__REQUIRED WORK__
Using the data below, restate exactly every line from the one with "Folktale Coffee &" up to and including the one with "tricou, polar ,capela.". No picture belongs in it.

__DATA SUPPLIED__
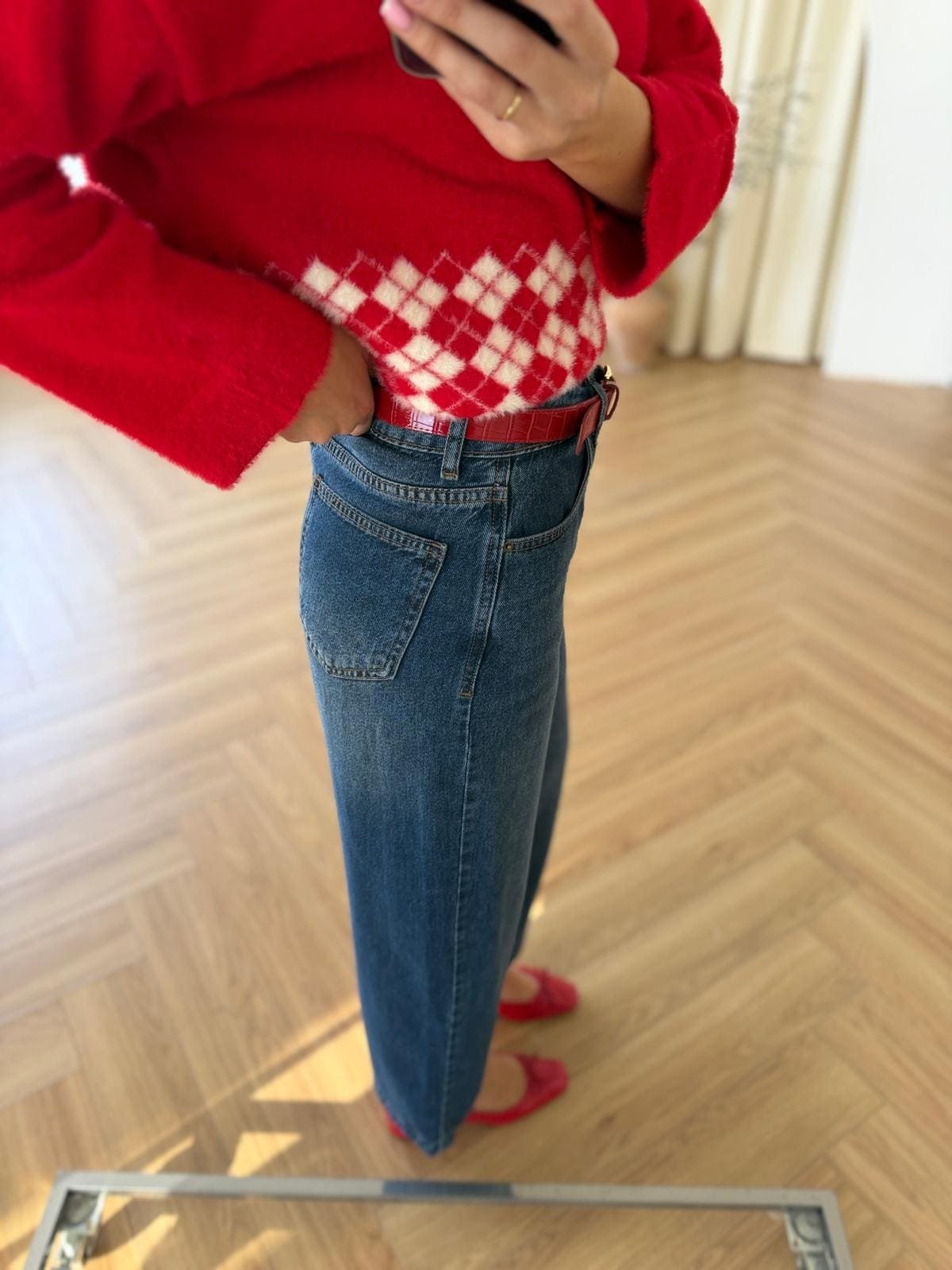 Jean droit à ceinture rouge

---

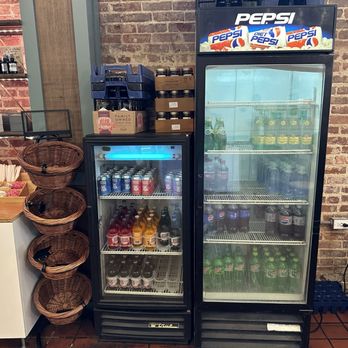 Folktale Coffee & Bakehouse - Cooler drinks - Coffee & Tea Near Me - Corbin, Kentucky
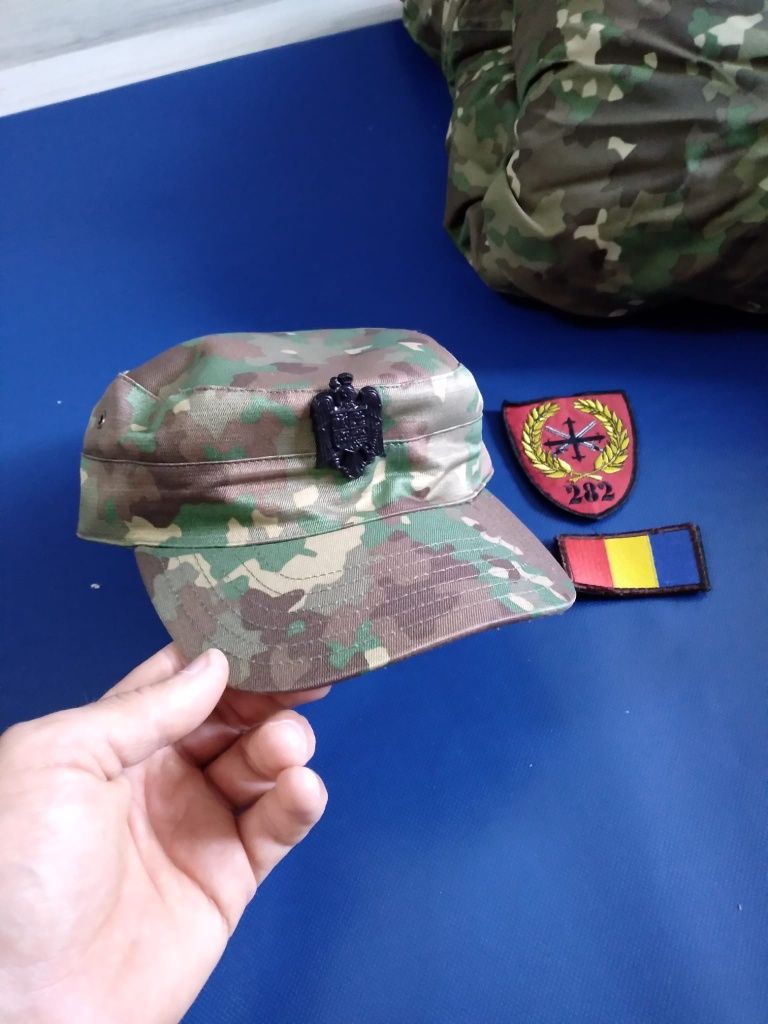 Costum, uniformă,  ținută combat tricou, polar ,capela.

__RESPONSE AREA__
 Folktale Coffee & Bakehouse - Cooler drinks - Coffee & Tea Near Me - Corbin, Kentucky
 Costum, uniformă,  ținută combat tricou, polar ,capela.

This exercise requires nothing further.